The original mural had to make room for an entirely new one, and only 35 fragments were considered worth preserving. Some 31 of them were restored between 1990 and 2012 and are now on show together for the first time. These feature votive paintings, several historical figures, a number of saints (primarily military), and a large Deesis scene, forming a substantial body of work that bears witness to the quality of murals in Wallachia in the 16th century and the complex political and cultural message articulated by its rulers.
According to historical documents, Voivode Neagoe Basarab (reign: 1512-1521) started working on the Arges monastery soon after he was crowned. The church was designed to be a family funerary chapel and also a statement of his dynastic and personal ambitions. Along with Basarab’s writings, the construction of the church placed him in the lineage of great Byzantine emperors as much as in that of contemporary Renaissance rulers with scholarly preoccupations.
Among the other fragments rescued in the late 19th century, martyrs and military saints take pride of place, enforcing a message in which piety and active militancy blended, mirroring the people’s concerns at a time when splits in Christian belief were deepening and the threat of the Ottoman Empire had become overwhelming. The widespread belief that no great foundation can be accomplished without a major sacrifice found its embodiment in the Arges monastery which, along with its master mason Manole, became the iconic image at the heart of one of the most popular Romanian legends.
The scenography of the exhibition incorporates multimedia elements such as a film explaining the restoration process of the frescos, a 3D virtual reconstruction of the positions occupied by the fresco fragments in the monumental ensemble before their removal, and a touchscreen allowing access to drawings and sketches by painter Gheorghe Tattarescu at the Arges monastery in 1860, before the restoration of the monument.
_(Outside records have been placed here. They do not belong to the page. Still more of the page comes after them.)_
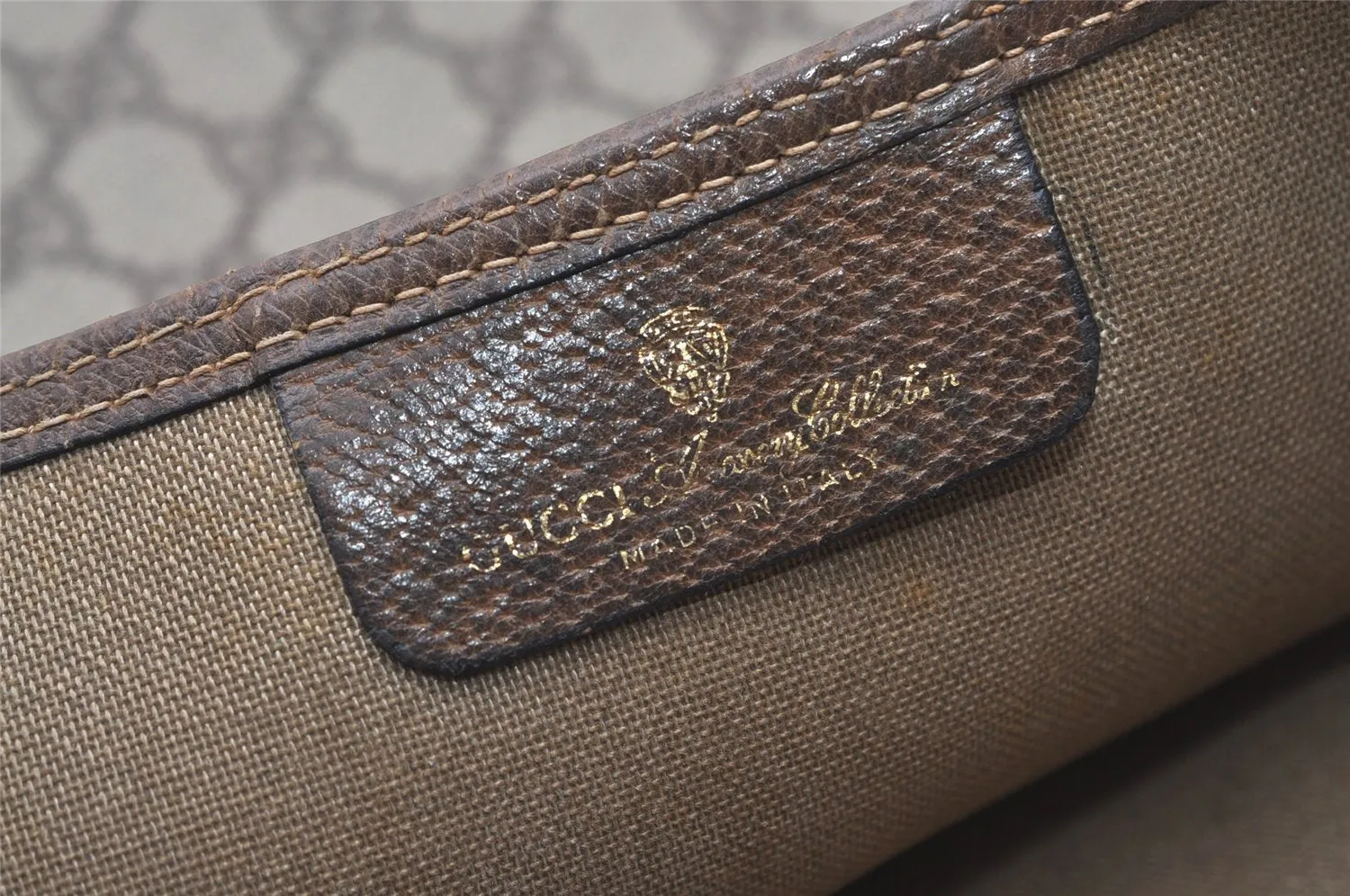 Authentic GUCCI Web Sherry Line Shoulder Tote Bag GG PVC Leather Brown 0101J
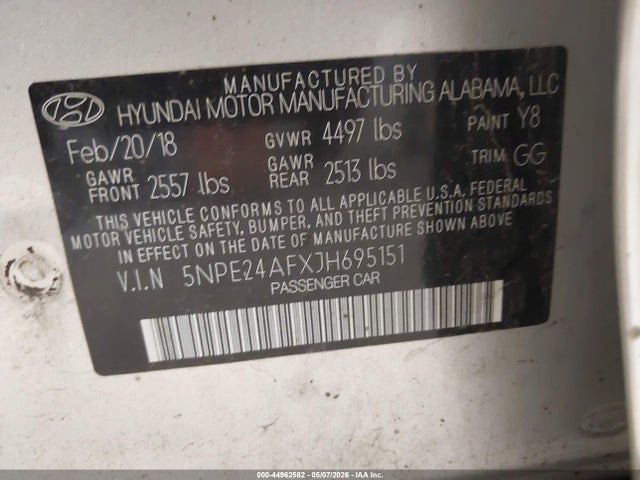 Aukcja sprzedaży 2018 Hyundai Sonata Se, vin: 5NPE24AFXJH695151, numer aukcji: 44962582
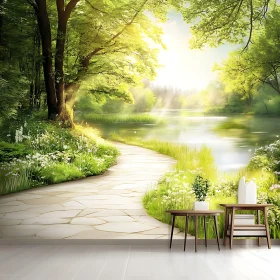 Peaceful Nature Landscape with Sunlit Path and River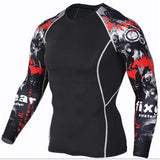 Men's Long Sleeve T-shirts Gym Clothing Sportswear Sporting Cry Fit Running Rashguard Sport Compression Mart Lion TC126 M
The legend of the Arges monastery
Negru Voda, known in Romanian history as Neagoe Basarab, wanted to build the most beautiful monastery in the country so he hired Manole, the best mason of the day. The walls of the monastery were always crumbling and Manole needed to find a solution on pain of death. He had a dream in which he was told, in order to build the most beautiful monastery, he had to wall in someone very dear to him or to his masons. To finish the construction, they agreed that the first wife who came there the following morning should be the victim. Manole`s wife, Ana, was first and accepted the proposal, considering it a game. Thus the beautiful monastery was built. When Manole and his masons told the prince that they could always build an even greater building, Negru Voda had them stranded on the roof so that they could not build anything similar. A spring of clear water, named after Manole, marks the spot where he is said to have fallen.
Exhibition held by the National Museum of Art of Romania, until May 26.